Work task:
Exactly as written, set down the lines from the top of the entries through the line bearing "This video is", with every picture left out.

Supplied entries:
_ _ _ _ _ _ _
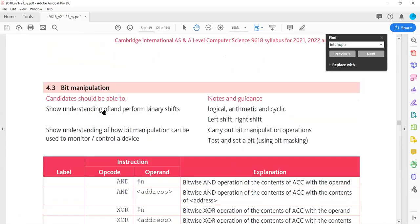We are now at topic 4.3, bit manipulation. Earlier this was part of A2, but now it is part of AS. So for students appearing in this syllabus, bit manipulation is now in the AS exam. This is one of the changes from the previous syllabus.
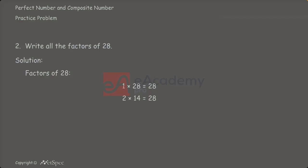Is 28 completely divisible by 3? No. 3 is not a factor. Is 4 a factor of 28? Yes. 4 multiplied by 7 equals 28. So, 4 and 7 are factors of 28.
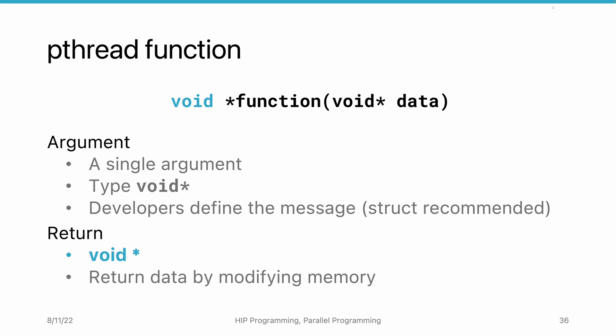Alternatively, we can provide an output argument in the input struct. The output argument needs to be a pointer so that the thread can modify the data. Once the thread finishes execution, the modified data can be read by the main thread.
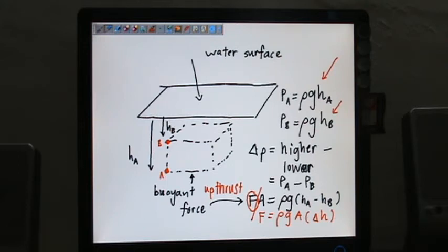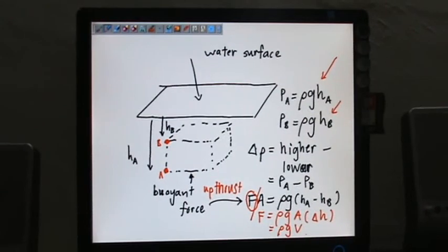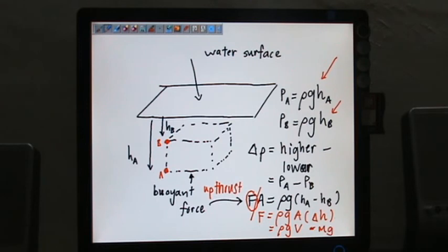A H is volume, so you have Rho G V. And because of it, you can actually say this is the weight of the water, because Rho V is actually M, so M G. So this is the weight of the water being displaced.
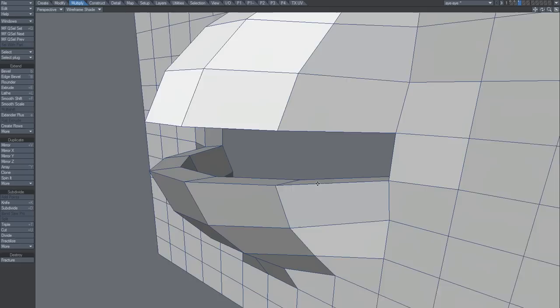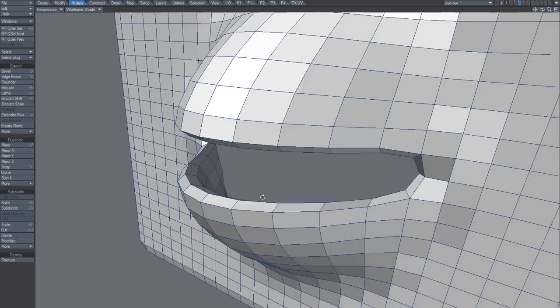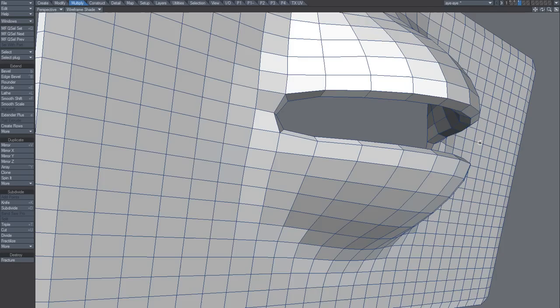Okay, just a micro tip. If you go like this and subdivide polygons, you see that this has this smoothness to it and I don't want that.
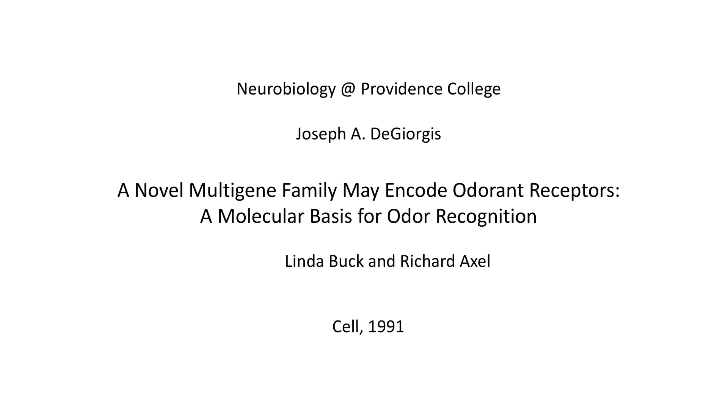Hi everyone, welcome back to Neurobiology at Providence College. I'm Joe DeGeorgis. Today we're going to review one of my favorite papers by Linda Buck and Richard Axel titled A Novel Multigene Family May Encode Odorant Receptors: A Molecular Basis for Odor Recognition.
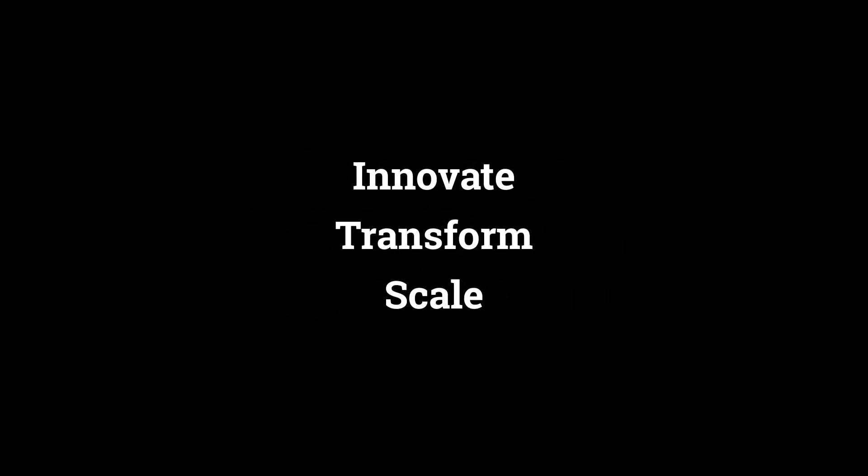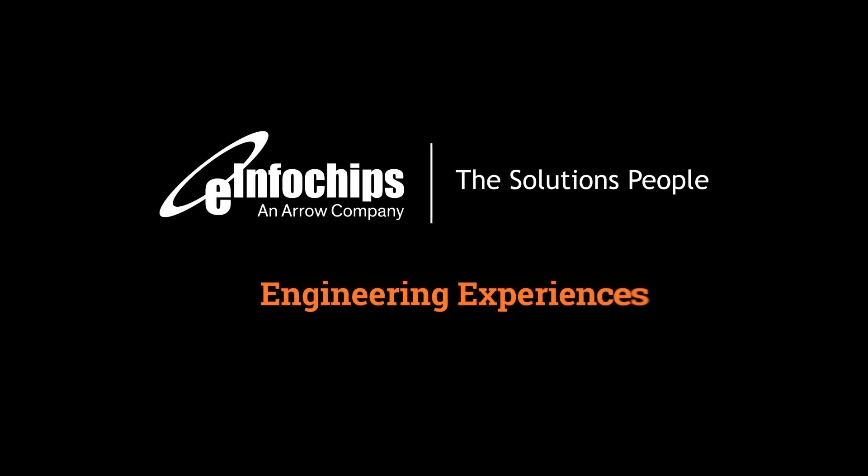Experience innovation. Experience tech transformation. Experience scale. Experience excellence at e-infochips.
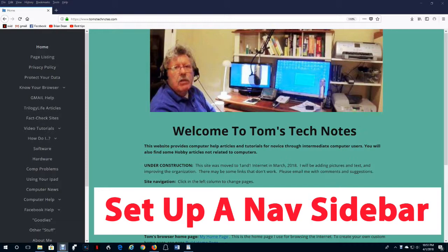This video is in series Easy Website Creation. The series shows you how to create your own personal internet website like the one shown here. Videos in the series should be watched in order from the playlist.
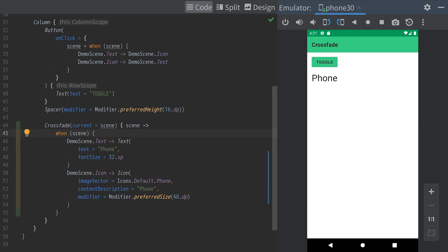That was an overview of Jetpack Compose Animation APIs. To learn more about Jetpack Compose, check out the Pathway links in the description below. Thanks for watching.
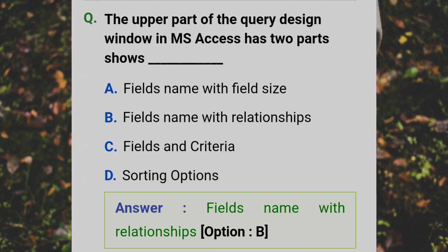The upper part of the query design window in MS Access shows two parts — Answer: B - Field names with relationships.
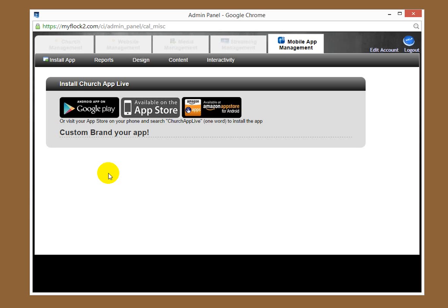Now, the difference with the branded app is that we can brand the app for you in your ministry or church's name, and then when people go to the app stores, Google Play Store or whatever, they can look for your name, your church's name, instead of ChurchAppLive.com. We can do some customizing as well for the one-time fee of $299 for the brand.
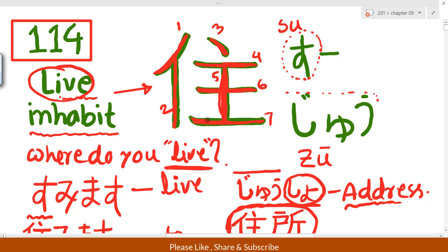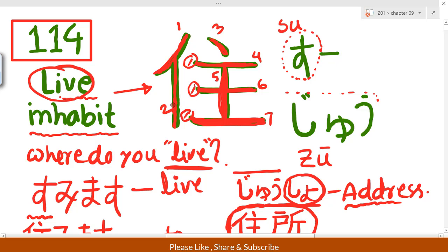Remember the stroke order: the lower horizontal line is the greater (longest) one, the top one is middle length, and the second one is the shorter one. So the three horizontal lines are not the same size — first is middle, second is shorter, and third is the biggest.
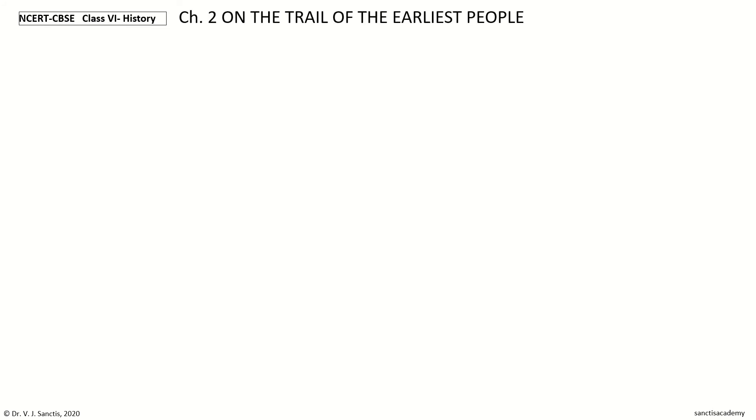Hi, welcome to NCERT CBSE Class 6 History, Chapter 2, on the trade of the earliest people. In this video, we will do the section on how do we know about these people. The first question:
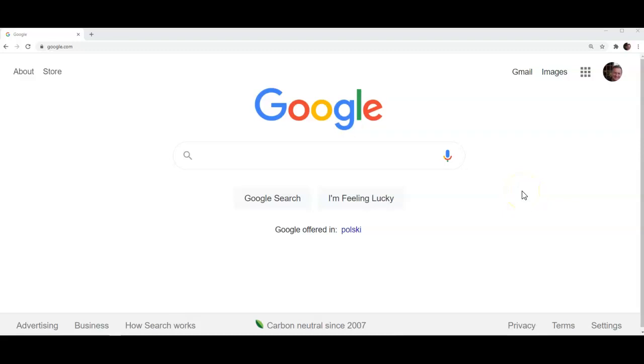Hello students! In this video I'm going to show you how you can use Google Chrome browser and Google search engine to practice pronunciation.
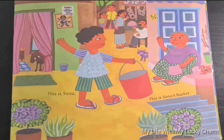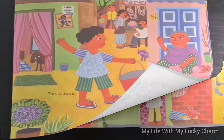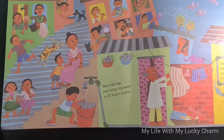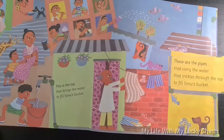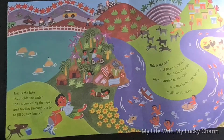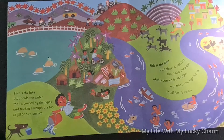This is Sonu. This is Sonu's bucket. This is the tap that brings the water to fill Sonu's bucket. These are the pipes that carry the water that trickles through the tap to fill Sonu's bucket. This is the lake that holds the water that is carried by the pipes and trickles through the tap to fill Sonu's bucket.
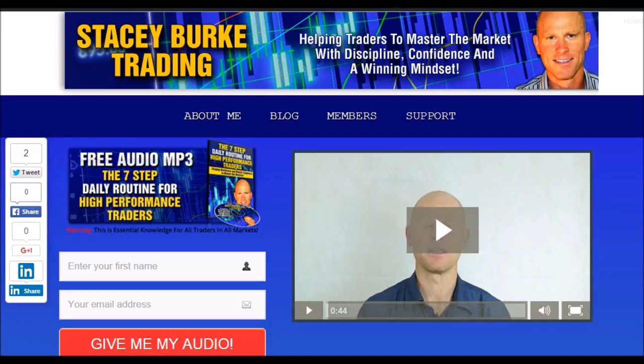Stay disciplined, stay focused, and may the markets go with you. Stacey Burke from Stacey Burke Trading — if you haven't done so, please head over to my website at staceyburketrading.com. I create updates on almost a daily basis; click on the blog and enter your name and email address and I'll send you my free audio program, the Seven Step Daily Routine for High Performance Traders. This is essential knowledge for all traders in all markets, helping traders master the market with discipline, confidence, and a winning mindset. I appreciate all your feedback and comments — stay confident, be disciplined, and may the markets go with you.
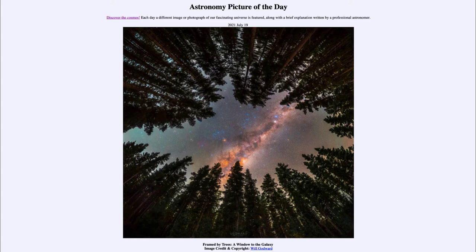Today's picture for July the 19th of 2021 is titled 'Framed by Trees, A Window to the Galaxy.'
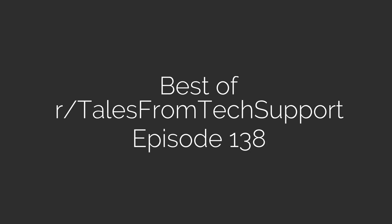Best of r/TalesFromTechSupport, Episode 138. Subscribe for Reddit videos daily. Text messages can't time travel.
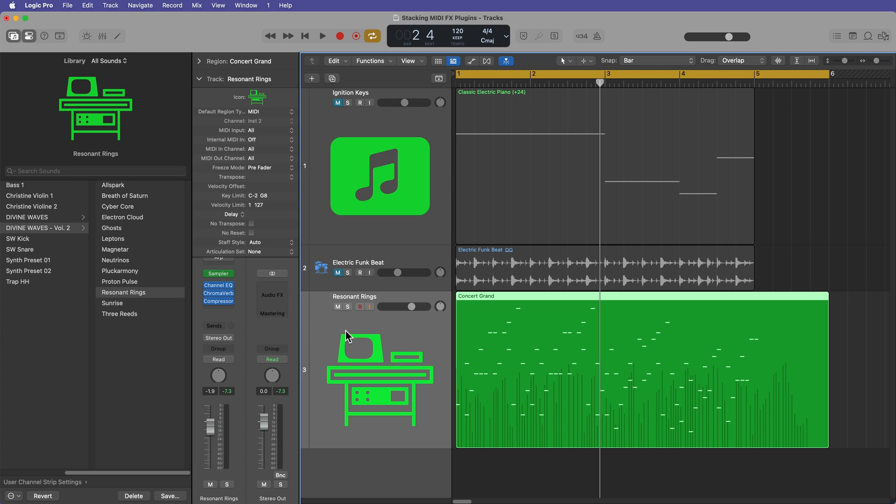But yeah, that's pretty much it, guys. That's how you can record your MIDI effects from one track down to another using the new internal MIDI routing in Logic 11.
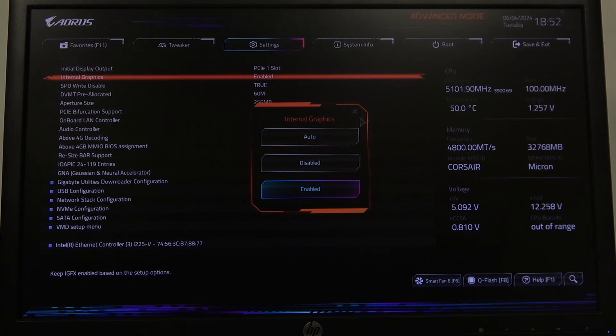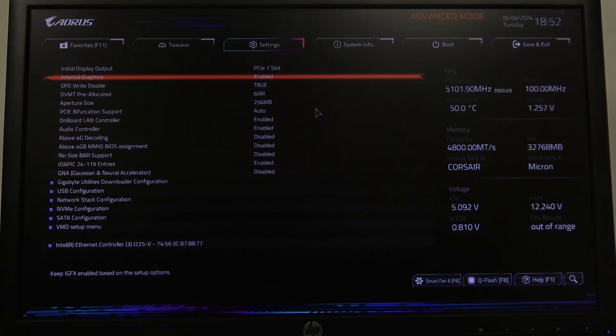There's also an option to set it to Auto. And that's it for this video — hope you liked it. Please consider subscribing to our channel, leave a like and a comment below.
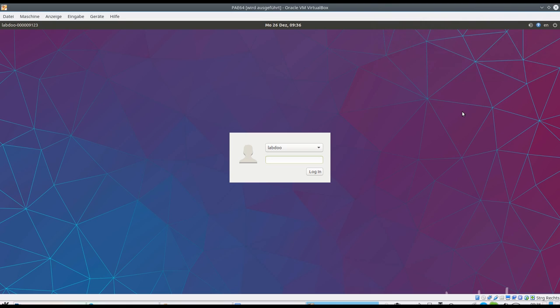When you boot the computer, you will see the login screen.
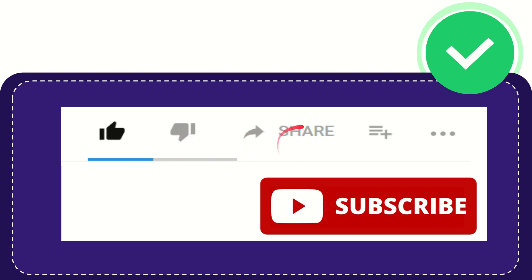...you can share it by clicking the share button. You can share it to any social media that you wish that is currently available at this time, like Facebook, Twitter, LinkedIn, and many others.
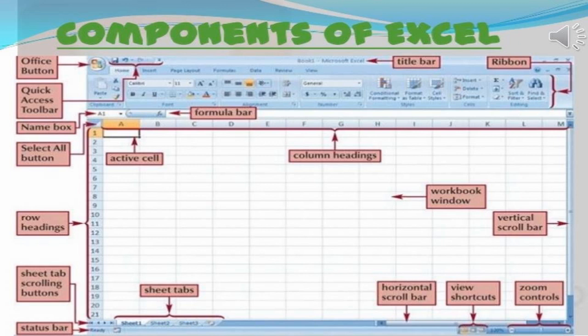This is an opening screen of an Excel window. An Excel file is called a workbook. A workbook consists of worksheets. Various elements of an Excel window like name box, formula bar can be seen in this image.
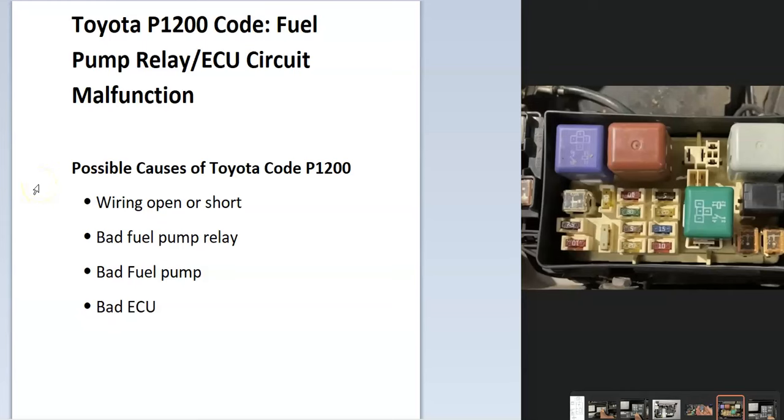Today I'm talking about a Toyota with the P1200 code, what it is and how you go about fixing it. A Toyota P1200 code is a fuel pump relay ECU circuit malfunction.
_ _ _ _ _ _ _
Written solution:
We are now at topic 4.3, bit manipulation. Earlier this was part of A2, but now it is part of AS. So for students appearing in this syllabus, bit manipulation is now in the AS exam. This is one of the changes from the previous syllabus.
Is 28 completely divisible by 3? No. 3 is not a factor. Is 4 a factor of 28? Yes. 4 multiplied by 7 equals 28. So, 4 and 7 are factors of 28.
Alternatively, we can provide an output argument in the input struct. The output argument needs to be a pointer so that the thread can modify the data. Once the thread finishes execution, the modified data can be read by the main thread.
A H is volume, so you have Rho G V. And because of it, you can actually say this is the weight of the water, because Rho V is actually M, so M G. So this is the weight of the water being displaced.
Okay, just a micro tip. If you go like this and subdivide polygons, you see that this has this smoothness to it and I don't want that.
Hi everyone, welcome back to Neurobiology at Providence College. I'm Joe DeGeorgis. Today we're going to review one of my favorite papers by Linda Buck and Richard Axel titled A Novel Multigene Family May Encode Odorant Receptors: A Molecular Basis for Odor Recognition.
Experience innovation. Experience tech transformation. Experience scale. Experience excellence at e-infochips.
This video is in series Easy Website Creation. The series shows you how to create your own personal internet website like the one shown here. Videos in the series should be watched in order from the playlist.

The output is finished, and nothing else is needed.